The background to all of this litigation stems back to 1873, when the federal government and First Nations entered into Treaty #3, by which the First Nations gave up their interest in the Point Park and other land in return for, among other things, reserve lands being set aside for them.
In 1902, the Supreme Court of Canada decided that because all land in Ontario belongs to the province and not the federal government, land for reserves could not be set aside in Ontario without the agreement of the provincial government.
Ontario never agreed that the Point Park lands be set aside as reserve land for the First Nations. Rather, in 1908, Ontario consented—by Order in Council—that the Point Park lands be granted to the town for a park.
Canada agreed to this and that year, Canada obtained surrender of the Point Park lands to that end.
In August, 1908, Frank Cochrane, then Ontario minister of Lands, Forests and Mines, said what was to happen with the Point Park land in a letter to then Fort Frances Mayor Williams.

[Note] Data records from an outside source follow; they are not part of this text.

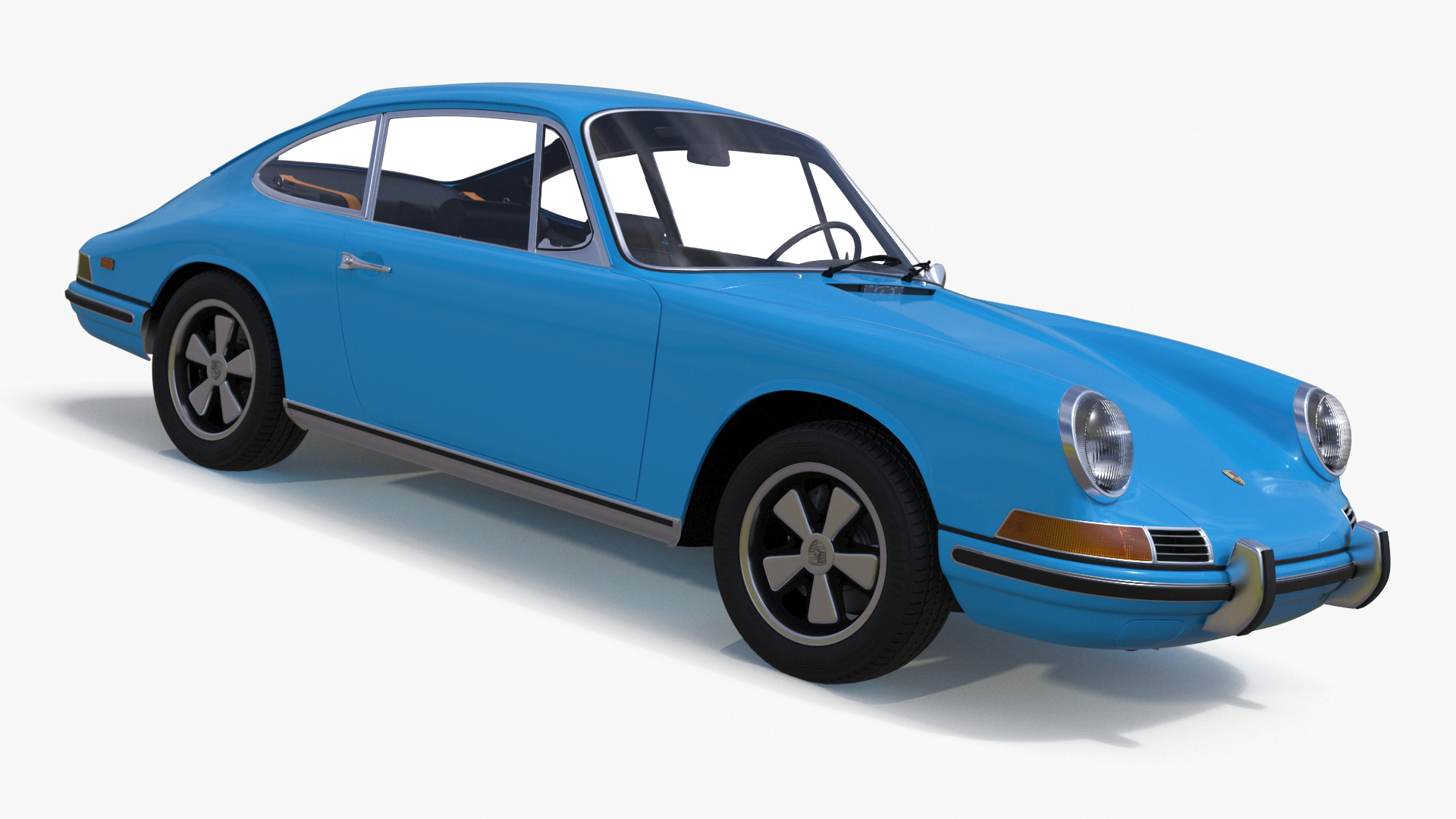 Porsche 911 1968 Blue Rigged for Cinema 4D 3D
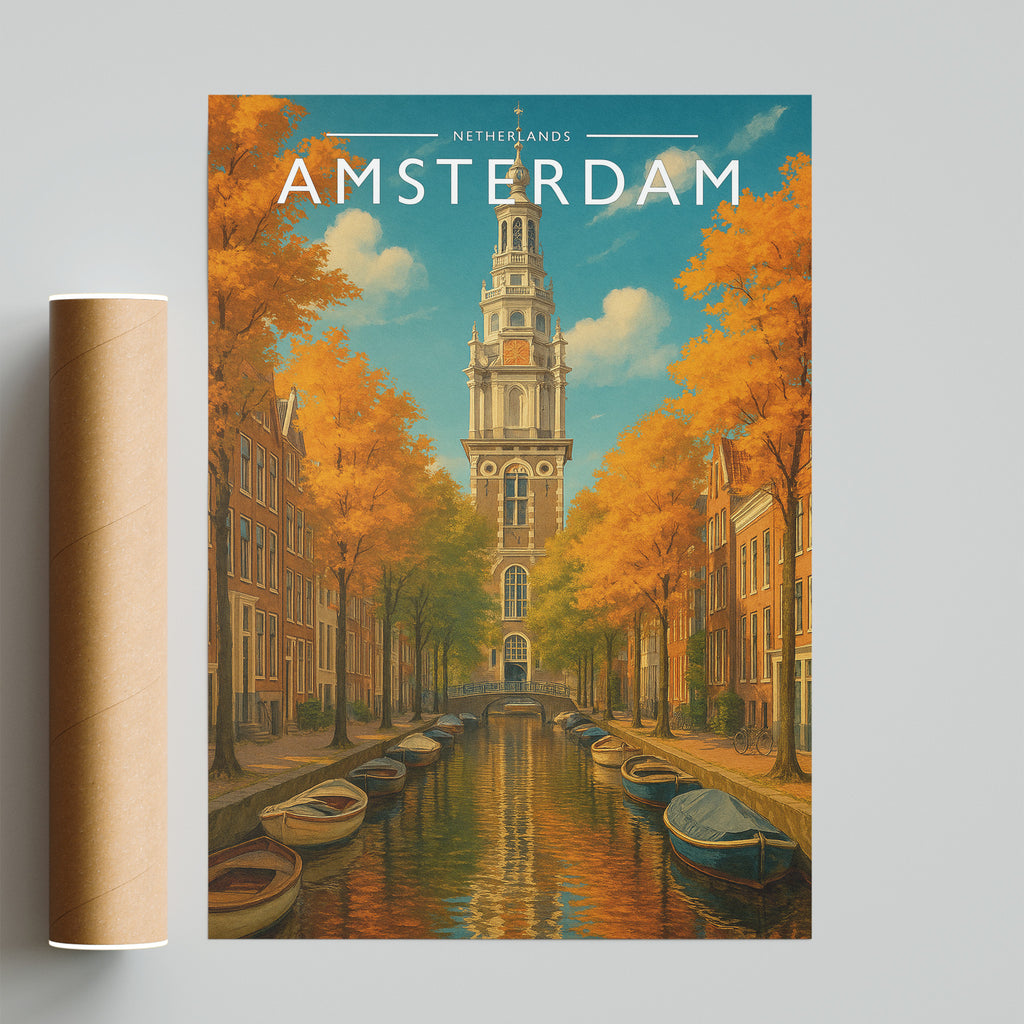 Amsterdam #2 Travel Poster - fine art print with shipping tube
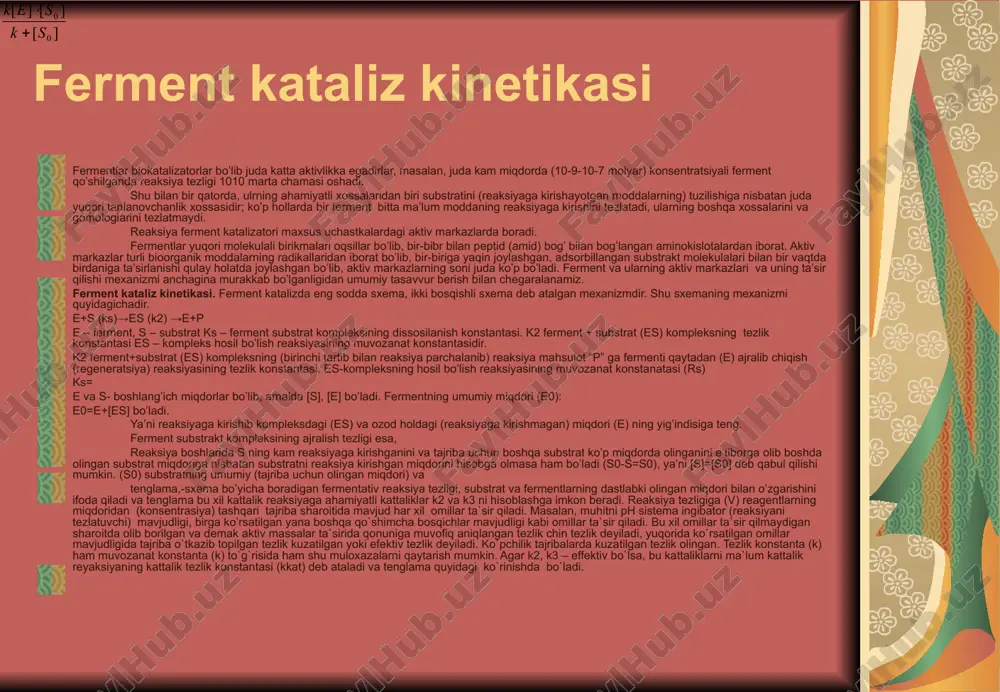 a chegarasida eng katta aktivlikka ega vo’ladi. odatda katalizator qancha aktiv bo’lsa uning past temperaturadagi aktivligi shuncha katta bo’ladi va temperaturaning katalizator aktivligiga ta’siri keskin seziladi. temperaturaning katalizator normal ishlaydigan ish temperaturasidan oshishi uchun aktivligini kamaytiradi va hatto uni butunlay passiv qilib qo’yadi. shuning uchun katalitik reaksiyalarda temperatura o’zgarib borishi va ayniqsa haddan tashqari oshib ketishi katalizator uchun xavflidir. shunga ko’ra reaksiya natijasida, ayniqsa, ekzotermik reaksiyalarda issiqlikning keraksiz qismini reaksiya muhitidan chetlatish kerak bo’ladi. ko’pincha katalizator ma’lum temperaturadan pastda uncha aktiv bo’lmaydi. katalitik reaksiyaning unumiga nisbatan vant-gofning izoxora-izobara tenglamasi bu tenglamadan chiqadigan xulosalar o’z kuchini saqlab qoladi. lekin temperatura katalizatorning aktivligiga ta’sir qiladi. har bir katalizator tarkibi va tayyorlash sharoitiga qarab, ma’lum reaksiya uchun ma’lum temperatura chegarasida eng katta aktivlikka ega vo’ladi. odatda katalizator qancha aktiv bo’lsa uning past temperaturadagi aktivligi shuncha katta bo’ladi va temperaturaning katalizator aktivligiga ta’siri keskin seziladi. temperaturaning katalizator normal ishlaydigan ish temperaturasidan oshishi uchun aktivligini …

In that letter, Cochrane said he would “. . . now have the matter attended to as far as Pither’s Point is concerned. I’m putting in a provision that it may be given to the Town of Fort Frances for park purposes only.”
But instead of granting the park to the town outright, Canada demanded a lease arrangement—contrary to the promise of Cochrane.
This lease expired in 2008 but the 1908 Order in Council remains.
The town was unable to reach an agreement with all parties, and as it publicly has stated in the past, “went to court to bring out the facts, clarify, and protect the interest of the public in the Point Park.”
In April, 2010, Ontario Superior Court judge Justice J.F. McCartney granted the town’s motion that the Point Park continue as before—in the possession of the town—pending the outcome of the case which finally will decide the matter of who has the rights to the park.
With the “Point two-chain” case, the town’s point-of-view is that when Canada wanted Ontario to agree to a reserve at the Point, it described this reserve as including the land where the park is now.
It came with the added condition that “two chains in depth along the shore of Rainy Lake and bank of Rainy River . . . be reserved for roads, right-of-way to lumbermen, booms, wharves, and other public purposes.”
In the Ontario-Minnesota case of 1924, the court considered this wording and decided the two-chain strip of land was not included in any reserve.
Under the Municipal Act, all roads within town boundaries generally are owned and maintained by the town.
Since the description of the then-proposed reserve states that the two-chain is reserved for a road, and the fact the old road to the mill on Couchiching used to run along the shore, the town has remained firm that it owns the two-chain, just like any other road or road allowance in town limits.
In 1998, however, the four First Nations issued a claim in Superior Court contending that the Ontario-Minnesota case was wrongly decided as far as the two-chain is concerned and should be overturned.
One of several arguments put forth was that Canada, which prosecuted the case on behalf of the First Nations, failed to bring before the court at trial the relevant evidence concerning the Point two-chain, and so the 1874 agreement between the plaintiffs and the Crown concerning the location of the Agency reserve was wrongly construed.
Another key argument was that the boundary of the Agency reserve goes down to the water’s edge, and that the Point two-chain is not an exception but a reservation within the reserve which simply created easements for certain public purposes.
But last week, Justice Fregeau dismissed the plaintiffs’ claims, finding that: “The two-chain allowance adjacent to the Agency One Reserve was land surrendered to the Crown by the Ojibway in 1873 pursuant to the terms of Treaty #3.”
“I have found that this land did not form part of the Agency One Reserve when that reserve was set aside and surveyed in 1874/1875,” he wrote.
“I have also found that it was not intended that the two-chain allowance be included in the Agency One Reserve,” Justice Fregeau added.
The “two-chain” hearing was held last Feb. 19-March 28 at the Fort Frances Courthouse.